Documents found in Soviet archives after the fall of the Iron Curtain revealed a great deal about the character of Ted Kennedy.

As HUMAN EVENTS first reported on December 8, 2003:
One of the documents, a KGB report to bosses in the Soviet Communist Party Central Committee, revealed that “In 1978, American Sen. Edward Kennedy requested the assistance of the KGB to establish a relationship” between the Soviet apparatus and a firm owned by former Sen. John Tunney (D-Ca.). KGB recommended that they be permitted to do this because Tunney's firm was already connected with a KGB agent in France named David Karr. This document was found by the knowledgeable Russian journalist Yevgenia Albats and published in Moscow's Izvestia in June 1992.

Another KGB report to their bosses revealed that on March 5, 1980, John Tunney met with the KGB in Moscow on behalf of Sen. Kennedy. Tunney expressed Kennedy’s opinion that “nonsense about ‘the Soviet military threat’ and Soviet ambitions for military expansion in the Persian Gulf… was being fueled by [President Jimmy] Carter, [National Security Advisor Zbigniew] Brzezinski, the Pentagon and the military industrial complex.”

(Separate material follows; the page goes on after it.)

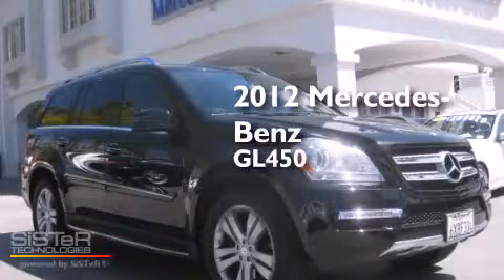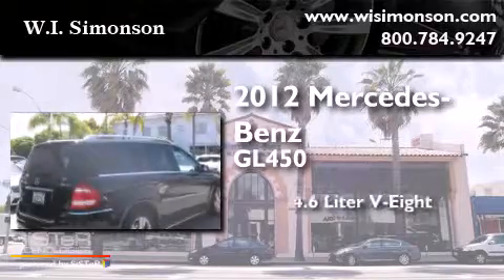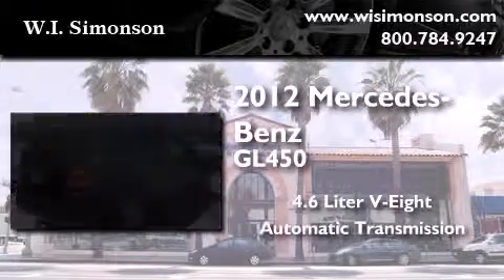This is a 2012 Mercedes-Benz GL450. It has a 4.6-liter 8-cylinder engine and an automatic transmission.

Kennedy offered to speak out against President Carter on Afghanistan. Shortly thereafter he made public speeches opposing President Carter on this issue. This document was found in KGB archives by Vasiliy Mitrokhin, a courageous KGB officer, who copied documents from the files and then defected to the West. He wrote about this document in a February 2002 paper on Afghanistan that he released through the Cold War International History Project of the Woodrow Wilson Center.
Tim Sebastian, a reporter for the London Times, found contemporaneous KGB documentation and published a story in February of 1992 of an additional communiqué by Ted Kennedy to the Soviet intelligence agency through Tunney. Full text of the letter from the appendix of Paul Kengor’s book The Crusader: Ronald Reagan and the Fall of Communism can be found here.

This time it was President Reagan in Kennedy’s crosshairs as he attempted to arrange a meeting between Kennedy and General Secretary of the Central Committee of the Communist Party of the Soviet Union Yuri Andropov.

In this May 14, 1983, letter written by underling Viktor Chebrikov to Andropov, he relayed Kennedy’s offer to meet, Chebrikov explaining that Kennedy blamed poor American-Soviet relations not on the Communist country, but on President Reagan. According to Chebrikov’s letter, Kennedy said he wanted to stop Reagan’s re-election effort in 1984.

Chebrikov’s letter also claimed that Kennedy was “very impressed” with Andropov and that Kennedy was reaching out to the Soviets to thwart Reagan’s forceful defense policies. Kennedy suggested the Soviets reach out specifically to Barbara Walters and Walter Cronkite to counter in the American media what he said Kennedy considered Reagan “propaganda.”

Chebrikov's letter to Andropov also stated that Kennedy himself had offered to travel to Moscow to meet with Andropov if he would extend an invitation.

These revelations reported in 1992 suggest insight into a man so obsessed with the acquisition of personal political power that he would reach out to the communist Soviet Union for help in undermining not one but two American presidents, one from his own political party.

Kennedy’s strong support for the government takeover of health care and the effort to pass this legislation in memorial tribute fails to warrant a second glance.